I use Chemtronix Soder Wick Desoldering Braid. It comes fluxed with
a soft solder flux which burns off very cleanly. I first burn off the
“factory flux” and then coat the bejusus out of it with paste flux.
Works great and saved my bacon many times.

http://tinyurl.com/2d9w2ee

Andy

I use Chemtronix Soder Wick Desoldering Braid. [snip] Works great
and saved my bacon many times. 

I never heard of this for hard solder. I’d love to hear a
description of when and how one would use this.

Noel

How does it work and is it used a lot in jewelry making. I’ve never
heard of it before.

Lynn

I haven’t heard this product before and I want to learn more about
soldering so what do you use desoldering braid for. Please some one
explain this for me, I learn a lot from everyone on Orchid thank you.

Anna

How/when does it work?

I first learned of solder wick when I was in lst semester at TIJT.
We were learning to solder. Learning being the opperative word in
the previous sentence. When too much was used and a mess was made,
we used it to absorb the excess. I needed it this week, to clean out
the head of a ring where I am resetting an small emerald. The repair
that was done on before me allowed a puddle of solder to fill the
base of it. Light can not interact properly with it to match the
color of the emerad above it. Those little things, I can’t stand, so
a simple wicking of the solder will pull it out.

I keep a 2-3 inch piece in a pair of cross lock tweezers at all
times. When there is a slight uh oh. I heat the solder to flowing put
the wick on the very edge of the liquid and it pulls it out.

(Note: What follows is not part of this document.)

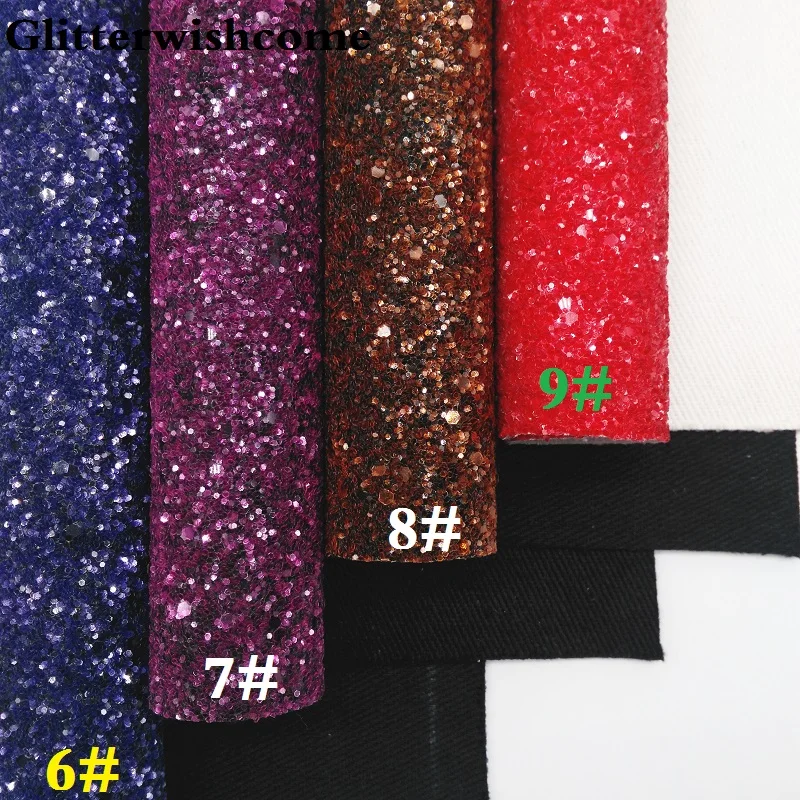 Glitterwishcome 21X29 см A4 Размеры синтетическая кожа, темные Цвета с эффектом блестящей кожи, тканевый Виниловый фон для банты, GM040A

I will be working on another ring on Monday that I have pulled three
he ads to replace. The amount of solder that was holding them in
really became evident, as I pulled them. The excess flowed into
recesses of the band they were sitting in. The wick will pull it out
to make the clean up so much easier.

I don’t know that I explained it well enough to understand. I am so
thankful though for this group that helped me to find where I could
buy it locally.

Happy Labor Day!
Angela Hampton

Hi Lynn,

How does it work and is it used a lot in jewelry making. I've
never heard of it before. 

Solder wick (also called solder mop) has been around forever.
Jewelers used to make their own–some still do-- from very fine
copper wires braided, woven or twisted together.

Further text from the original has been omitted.